Juru Bicara Kemlu Vahd Nabyl Achmad Mulachela mengatakan, Indonesia mengikuti perkembangan pembahasan Resolusi DK PBB Nomor 2817, namun memilih tidak menjadi salah satu negara yang ikut mensponsori resolusi tersebut.

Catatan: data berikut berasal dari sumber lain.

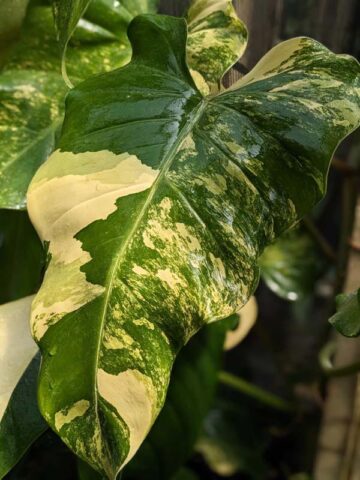 Alternative view of Rare Philodendron Domesticum Variegatum Plant in 4" pot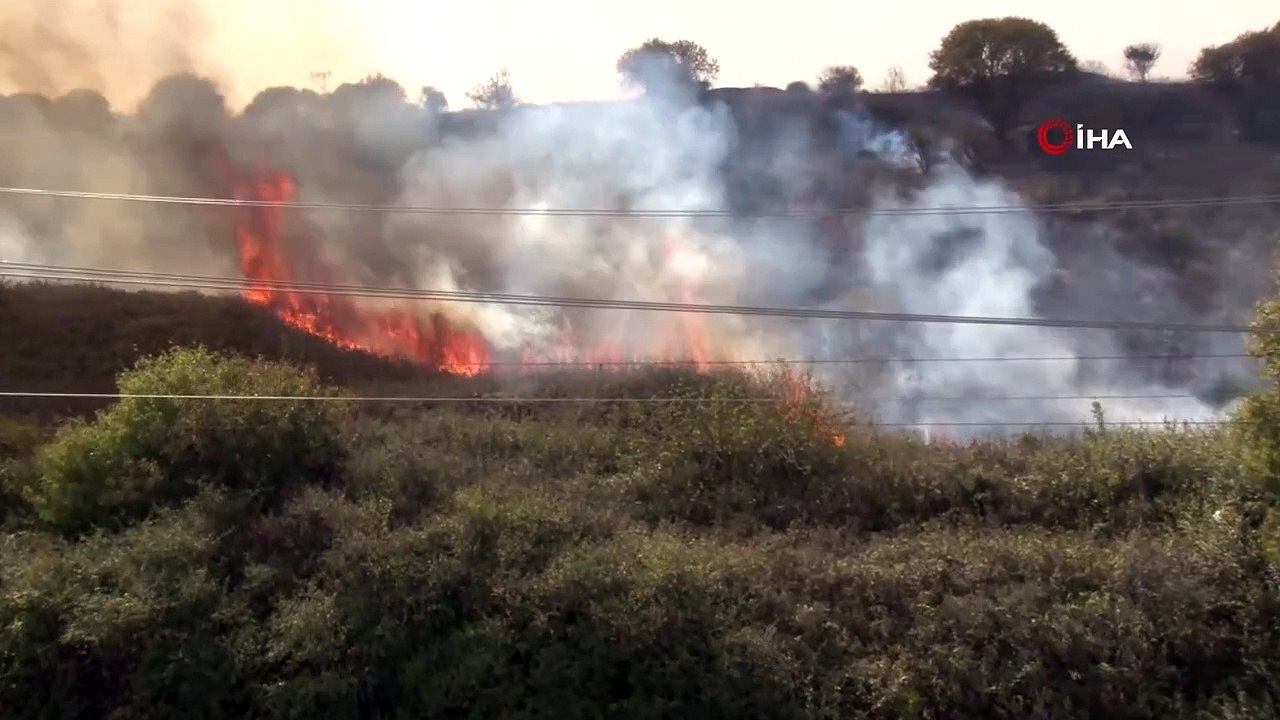 Küçükçekmece'de Nükleer Araştırma Merkezi'nin içerisinde bulunan ağaçlık alanda yangın çıktı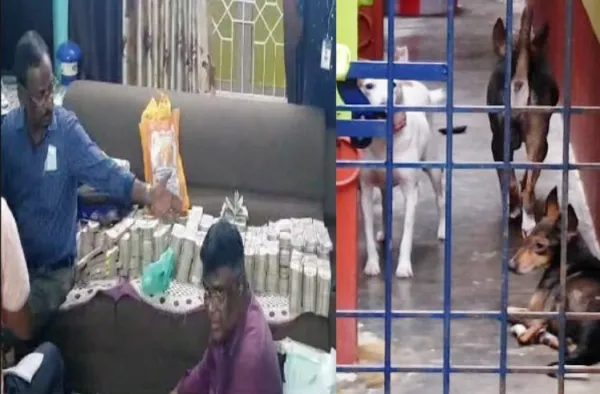 புதுச்சேரியில் சிக்கிய ரூ.4.9 கோடி : காப்பாற்ற முயன்ற அதிகாரி. காட்டி கொடுத்த நாய்கள்!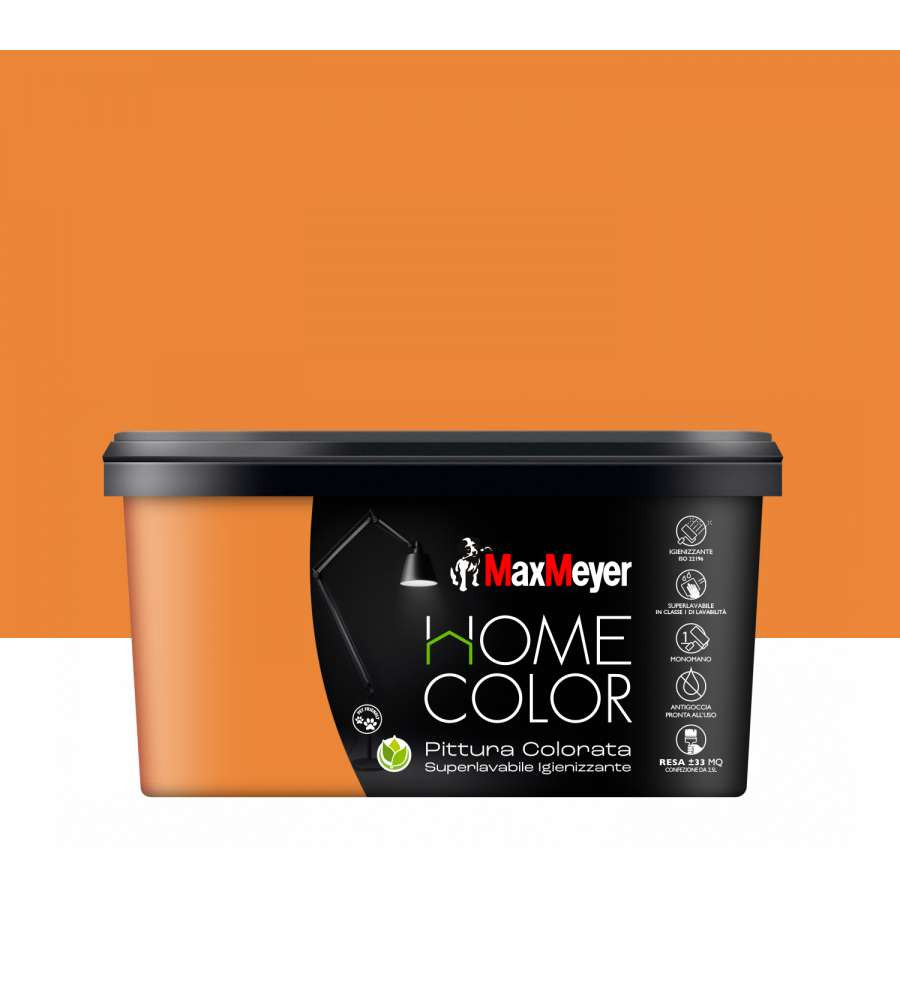 PITTURA HOME COLOR SCORZA AR.LT.2.5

“Memang kita mengikuti bahwa Resolusi Dewan Keamanan PBB Nomor 2817, Indonesia tidak menjadi co-sponsor dalam resolusi tersebut. Pertimbangan kita adalah pertama, bahwa dalam melihat upaya untuk menyelesaikan suatu persoalan ini, bukan saja inklusivitasnya yang perlu kita perhatikan dalam prosesnya, tapi juga berimbang,” ujar Nabyl di kantor Kemlu, Jakarta Pusat, Jumat (13/3/2026).
Dalam mekanisme PBB, co-sponsor merupakan negara yang mendukung, merancang, sekaligus mempromosikan suatu resolusi bersama negara pemrakarsa utama.